● Data shown:
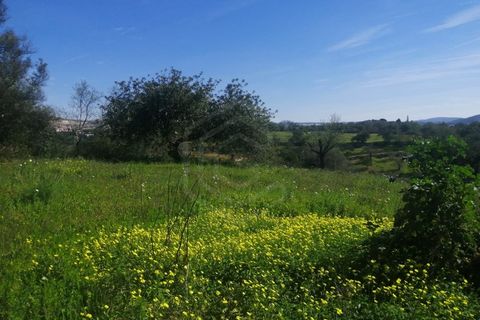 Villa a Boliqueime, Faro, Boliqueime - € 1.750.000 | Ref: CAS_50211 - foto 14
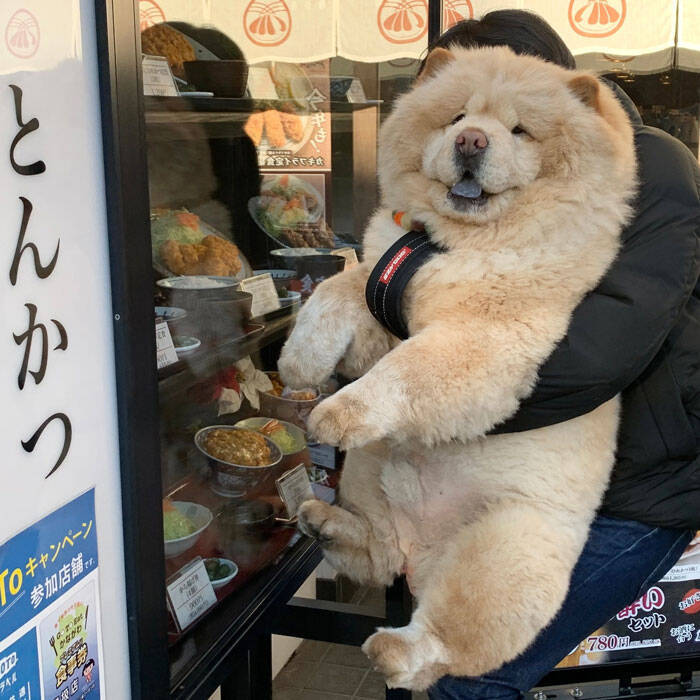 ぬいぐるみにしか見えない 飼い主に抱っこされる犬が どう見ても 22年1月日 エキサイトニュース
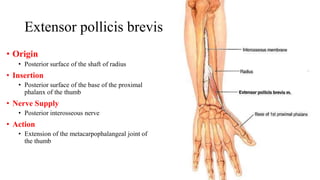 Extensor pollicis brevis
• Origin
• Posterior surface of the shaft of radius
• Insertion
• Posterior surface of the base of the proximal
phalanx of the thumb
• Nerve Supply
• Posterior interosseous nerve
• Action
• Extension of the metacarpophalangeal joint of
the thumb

* * *

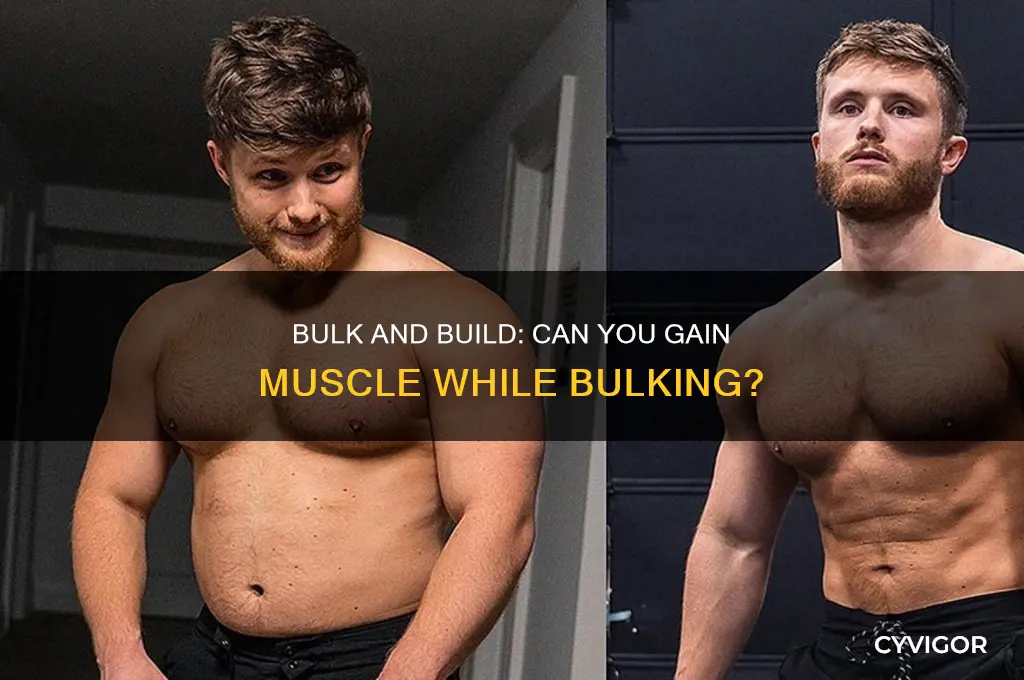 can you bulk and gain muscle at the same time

● Your goal: Copy the lines from the entries above in which the word "Posterior" appears.

● Response box:
• Posterior surface of the shaft of radius
• Posterior surface of the base of the proximal
• Posterior interosseous nerve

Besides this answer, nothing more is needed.